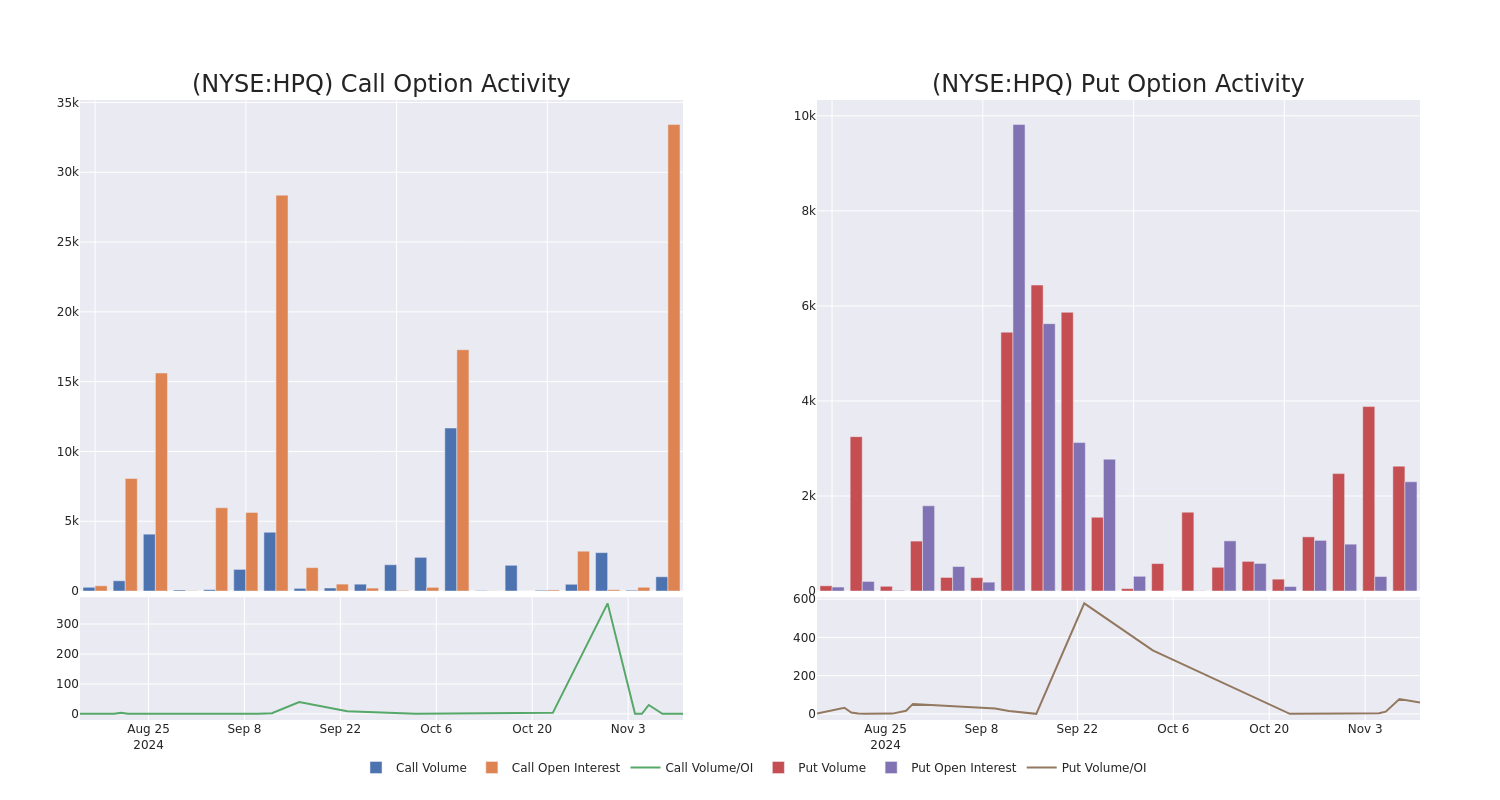 Options Call Chart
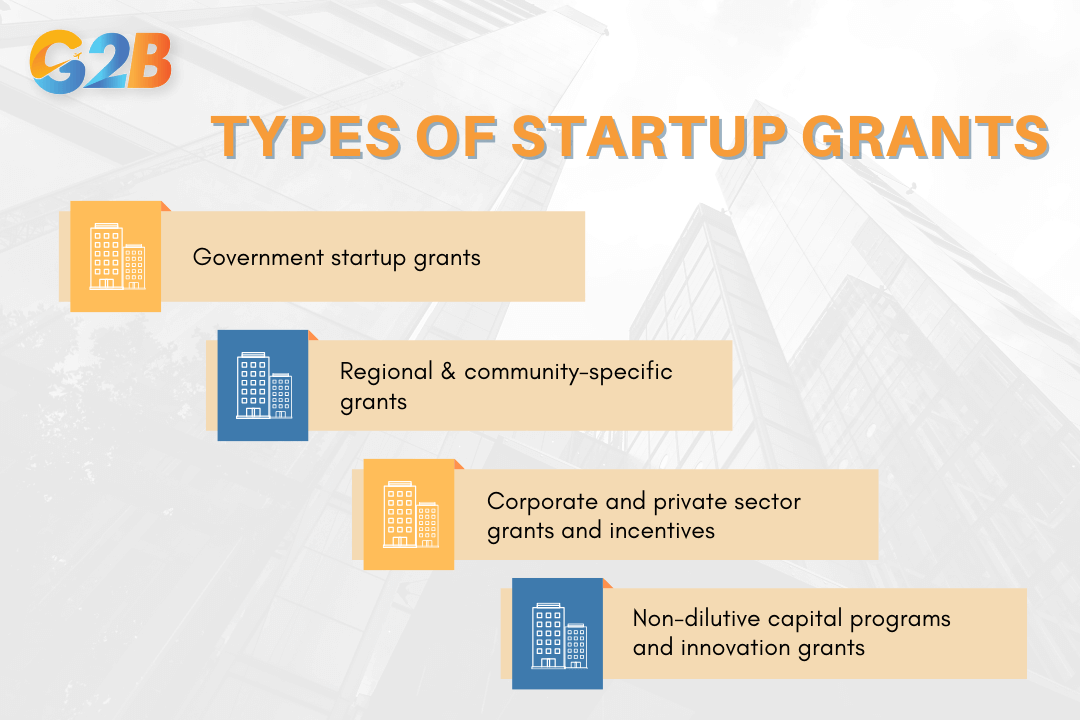 Understanding the types of startup grants can significantly enhance a startup's strategy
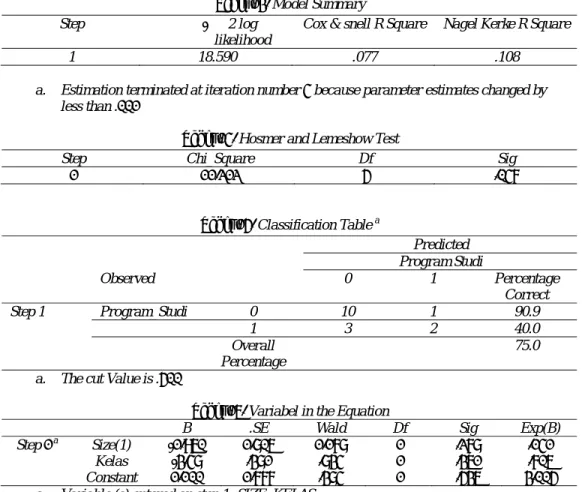Tabel 13. Model Summary  Step  -  2 log 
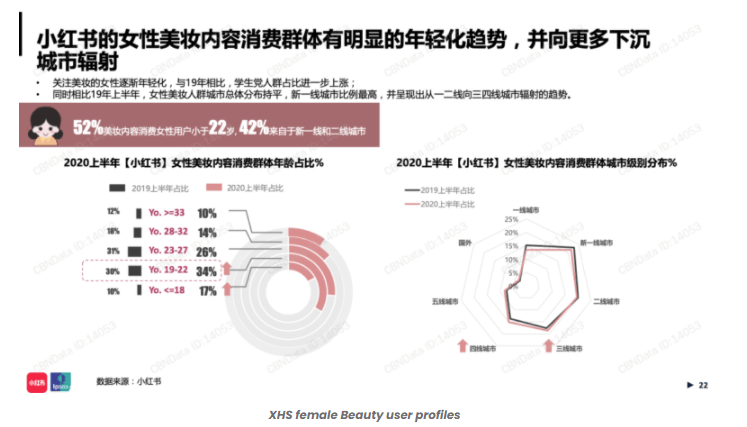 2020 Xiaohongshu Mid-Year Beauty Industry Report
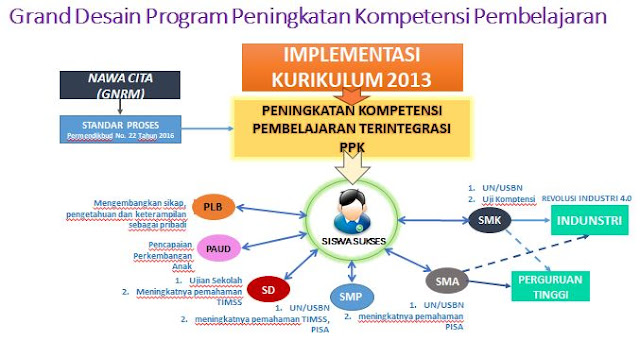 Pkp Peningkatan Kompetensi Pembelajaran Tujuan Manfaat Dan Soal Post Test Terbaru Forum Blogger Indonesia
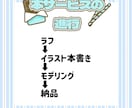 VTuber制作！～モデリング全工程対応！します 21日で全納品いたします!お値段の増額もありません イメージ3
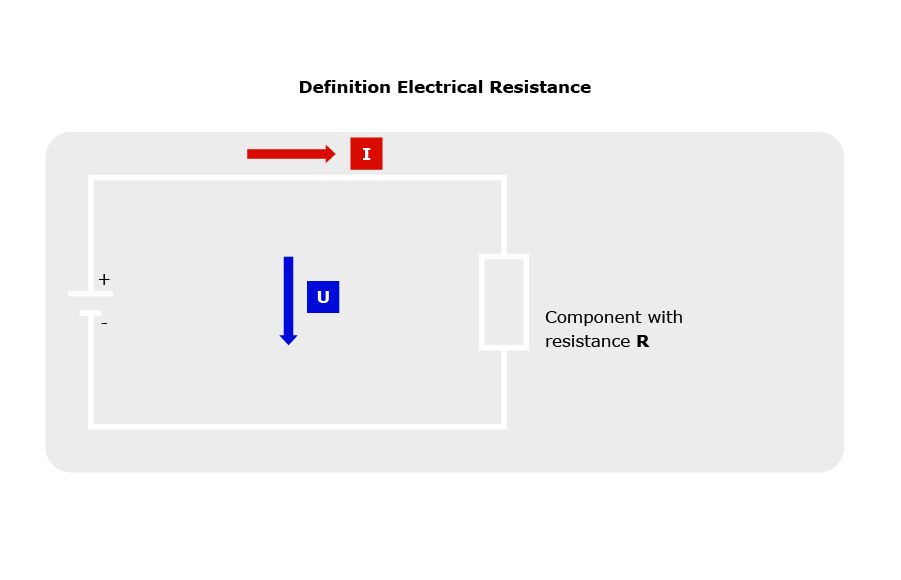 10_Definition_Electrical_Resistance
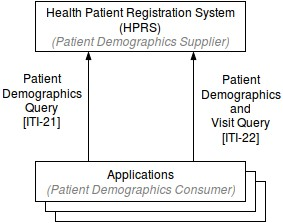 Actors and profiles diagram — HPRS (Patient Demographics Supplier) connected to Applications (Patient Demographics Consumer) via ITI-21 and ITI-22 transactions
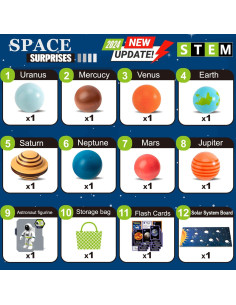 Kit de Juguete del Sistema Solar COOLDUCK 30 Piezas de Madera 2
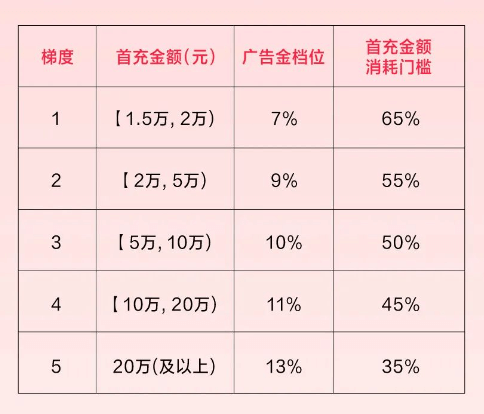 小红书灵感营销，可获26000元广告金——「新生品牌扶持计划」 第3张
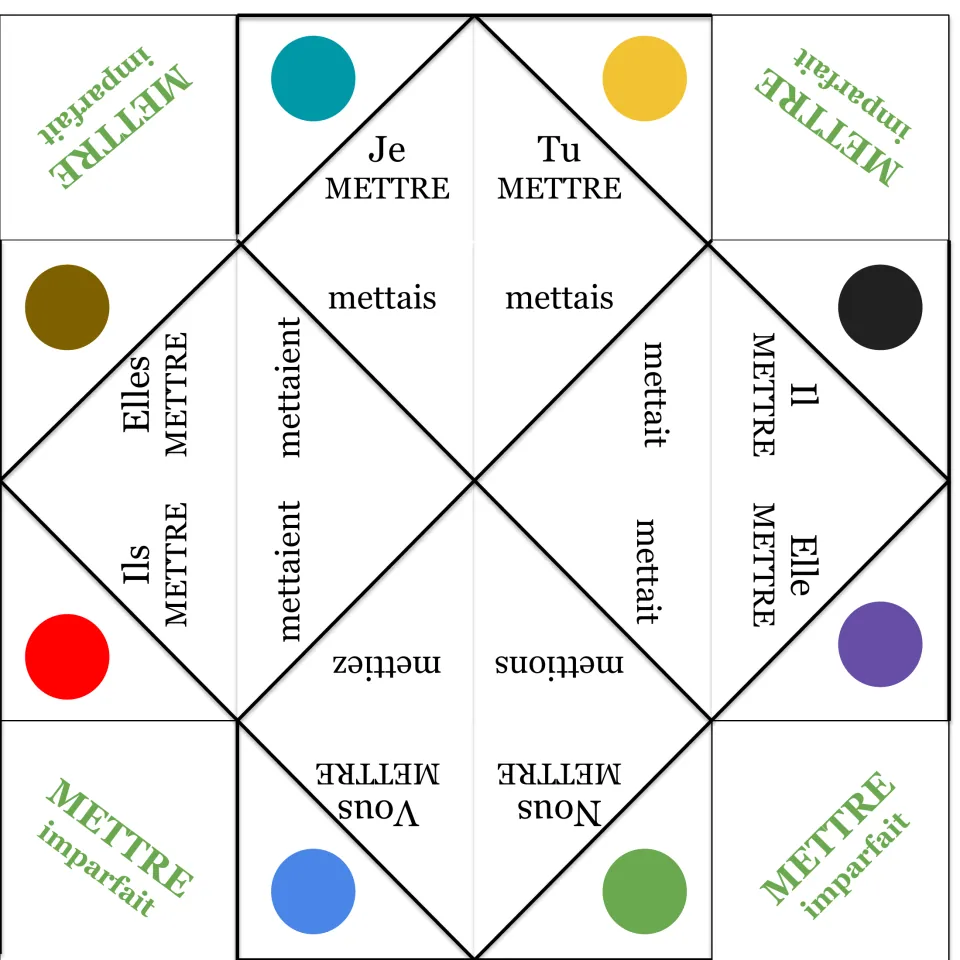 French fortune teller for mettre (to put): je/tu mettais, il/elle mettait, nous mettions, vous mettiez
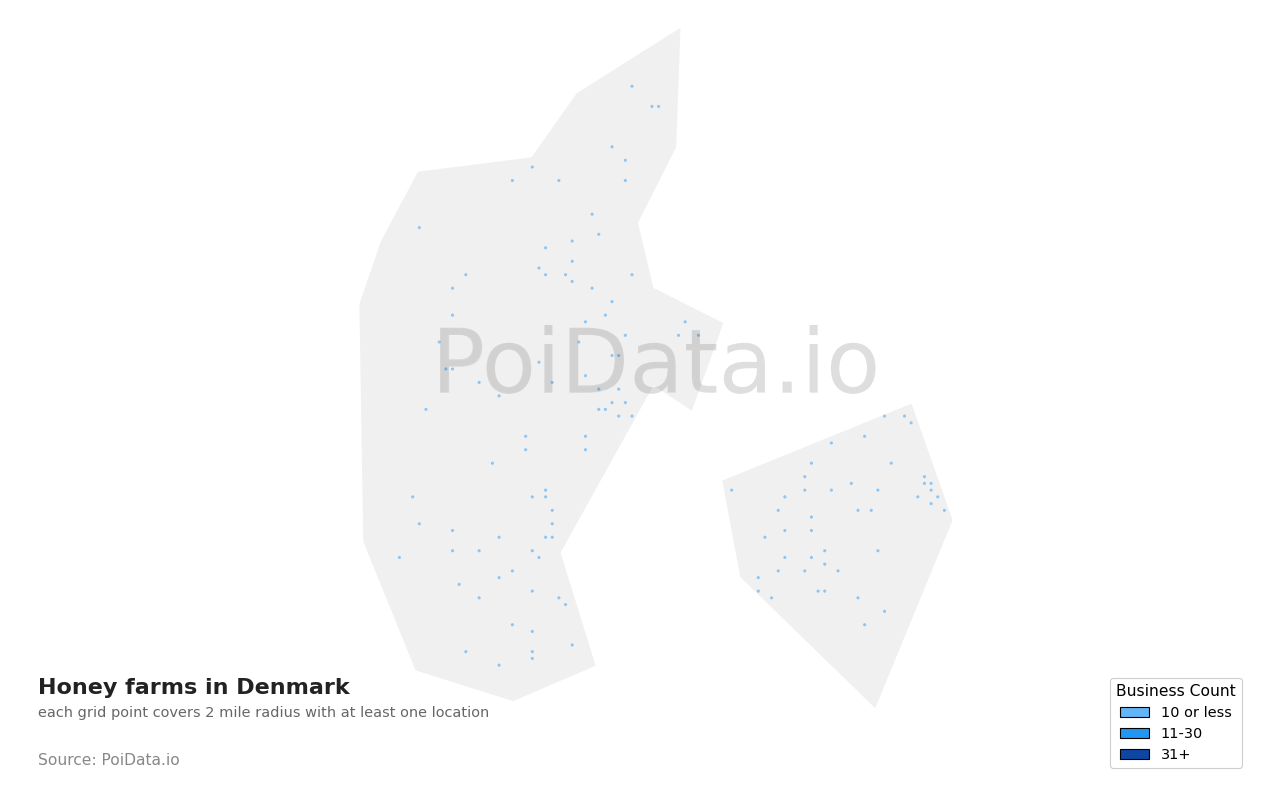 Honey farm density map for Denmark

---

Begin with the line that contains "French fortune teller" and copy every line through the end of the listing, exactly as written, both ends included. Pictures are not part of the copy.

# Task response
 French fortune teller for mettre (to put): je/tu mettais, il/elle mettait, nous mettions, vous mettiez
 Honey farm density map for Denmark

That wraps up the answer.